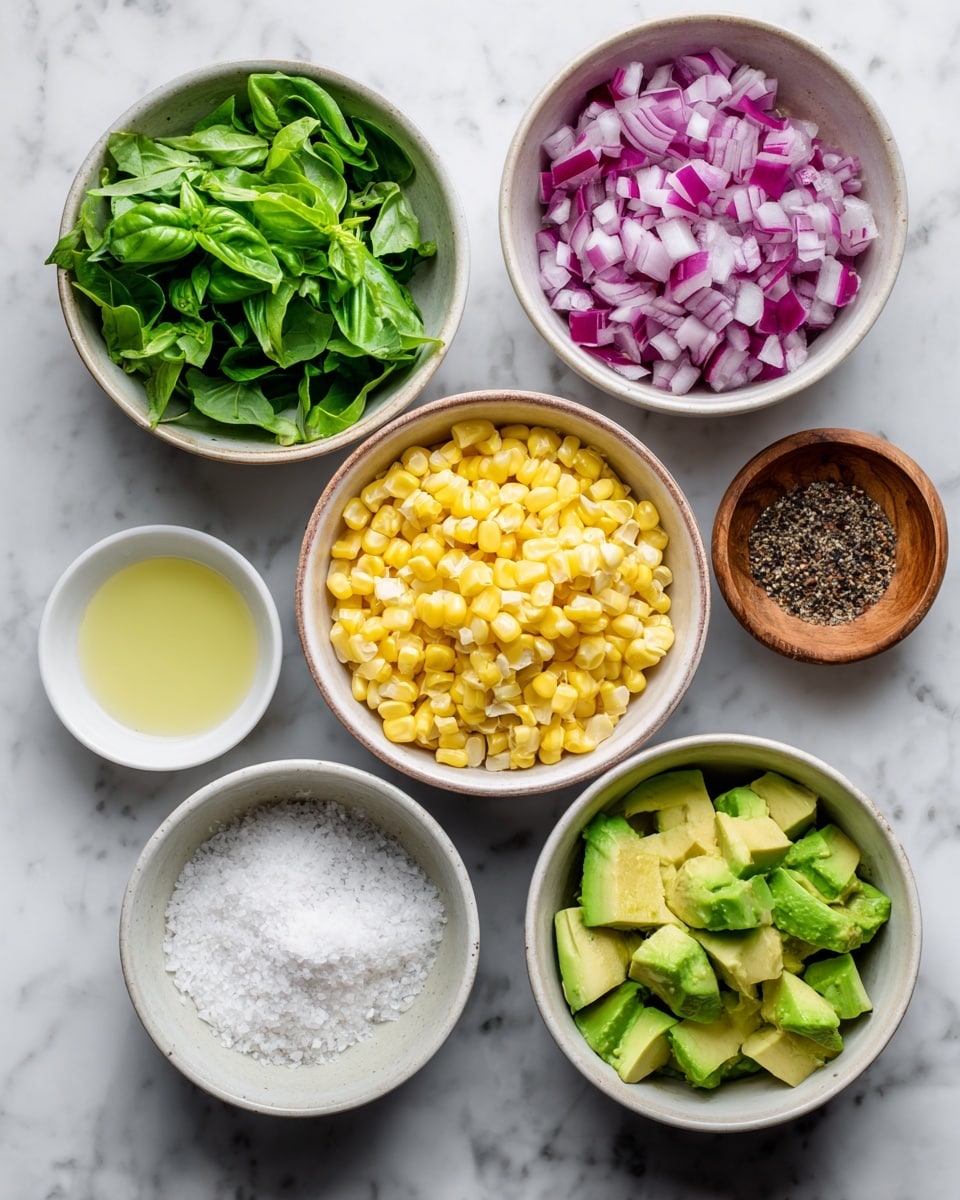 The image shows six white bowls on a white marbled surface, each containing different ingredients for a dish. The center bowl holds light yellow sweet corn cut into small pieces with a soft texture. To the top left is a bowl of chopped green basil leaves, vibrant and fresh. To the top right is a bowl filled with chopped red onion pieces, showing a mix of purple and white colors and a crisp texture. Below the red onion bowl is another bowl containing diced avocado, green with a smooth texture. To the bottom left is a small bowl of white sea salt with a fine grain, and above it, a small container holds pale yellow lime juice. Next to the lime juice, a tiny wooden bowl contains ground black pepper. Photo taken with an iphone --ar 4:5 --v 7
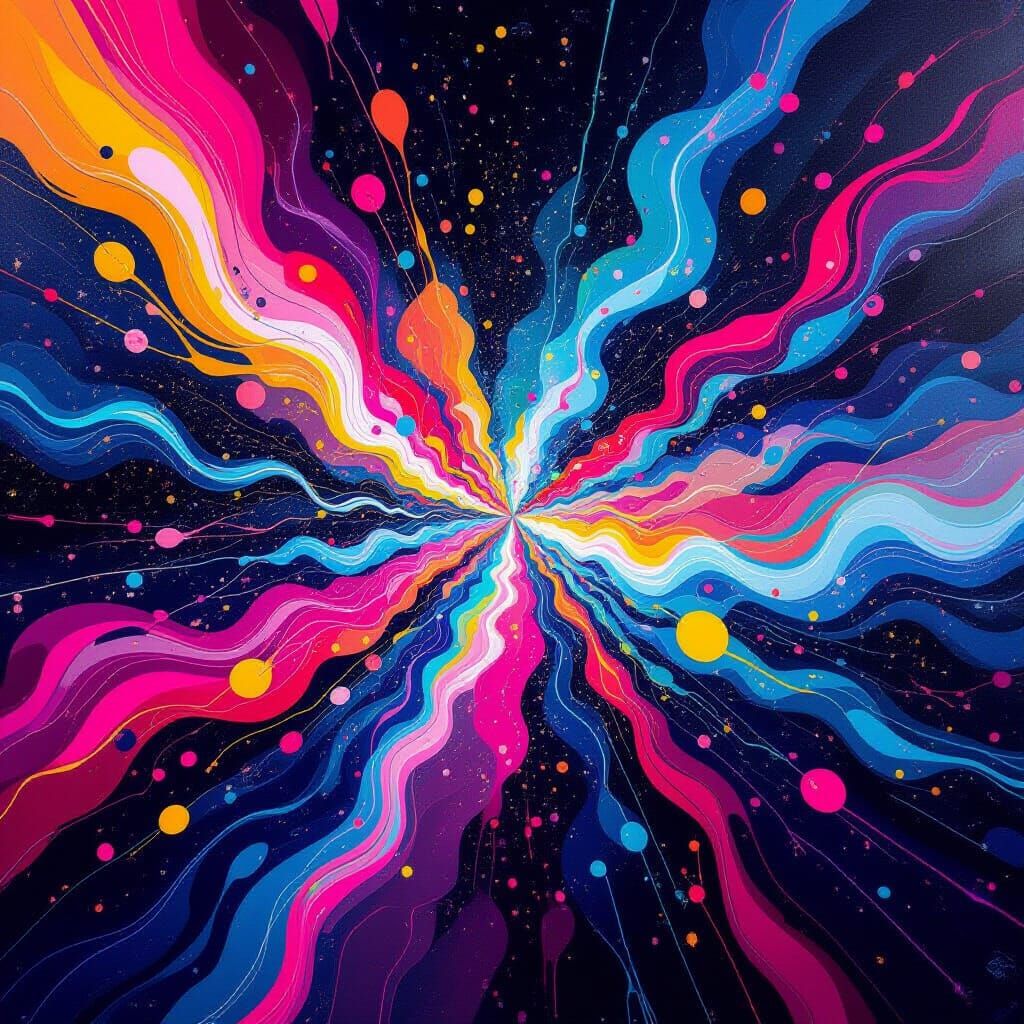 Vibrant Abstract Digital Art with Fluid Motion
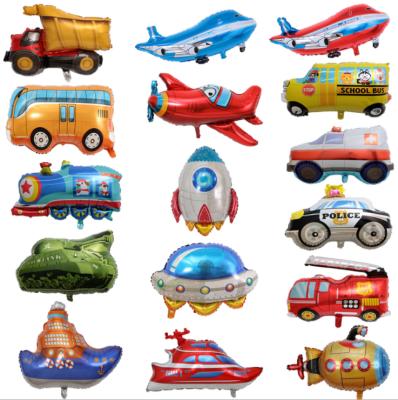 China Large Size Tank Special Pourer Train Police Fire Truck Balloon Gift Toy Vehicle Cruise Ship Flat Balloon For Theme Party for sale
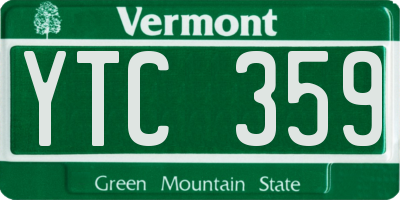 VT license plate YTC359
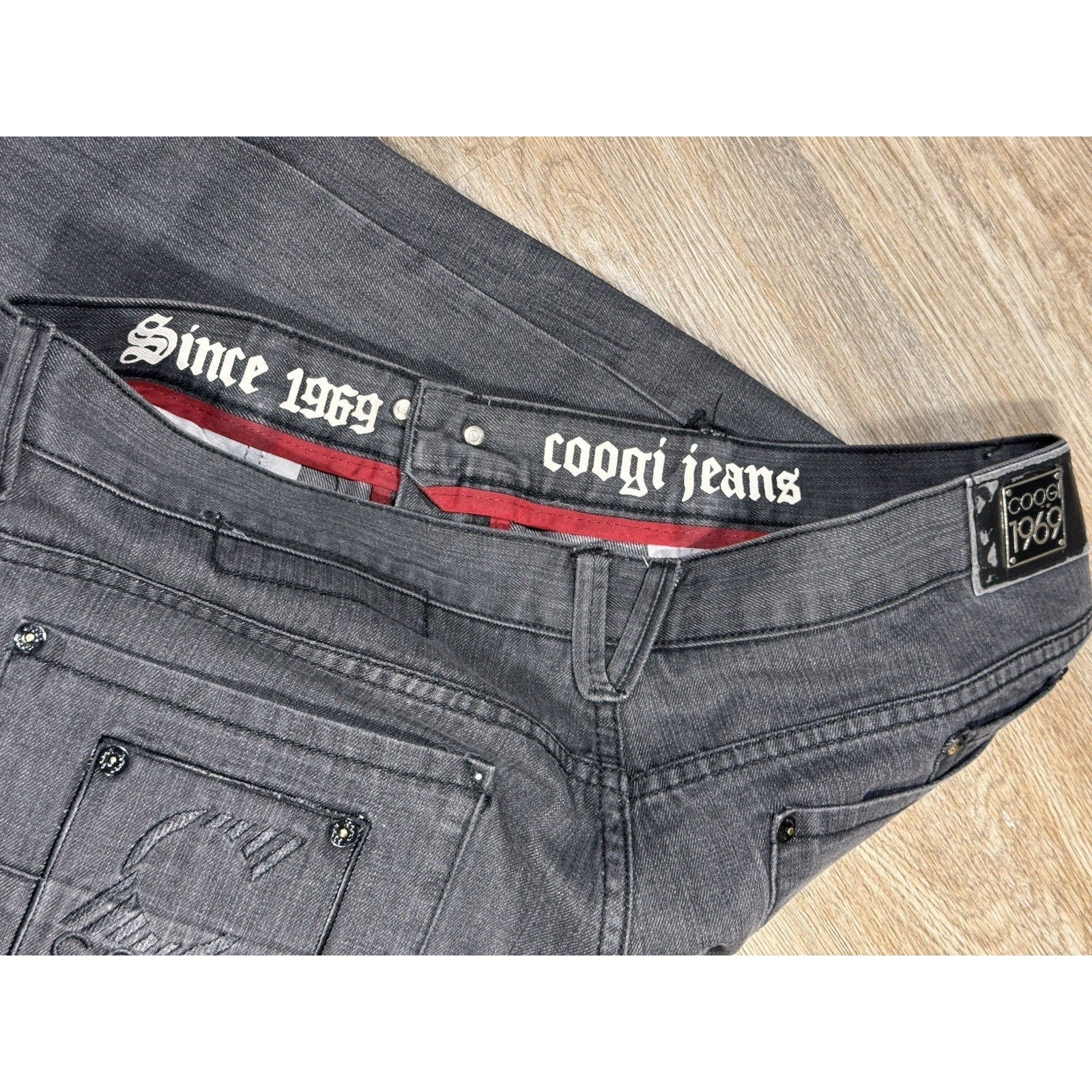 Y2K COOGI Australia Men’s Sz 42 x 35 Denim Jeans w/ Embroidered Logos Big Baggy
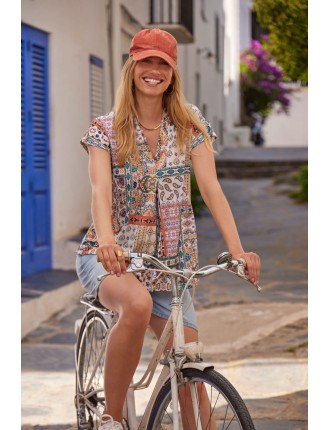 Túnica estampada em viscose da Janira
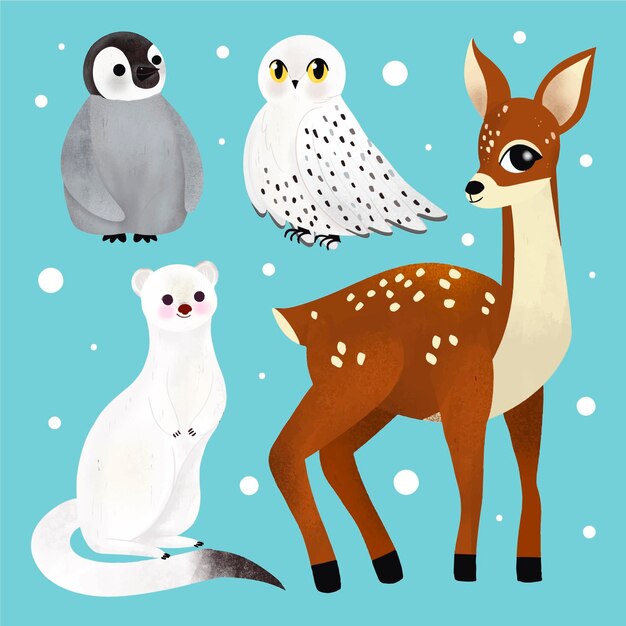 Colección animales de invierno dibujados a mano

WORK ITEM - Will you repeat the material above, but only from the line containing "Túnica estampada em viscose da Janira" through its last line, exactly and without the pictures?

OUTPUT FOR THIS TASK -
 Túnica estampada em viscose da Janira
 Colección animales de invierno dibujados a mano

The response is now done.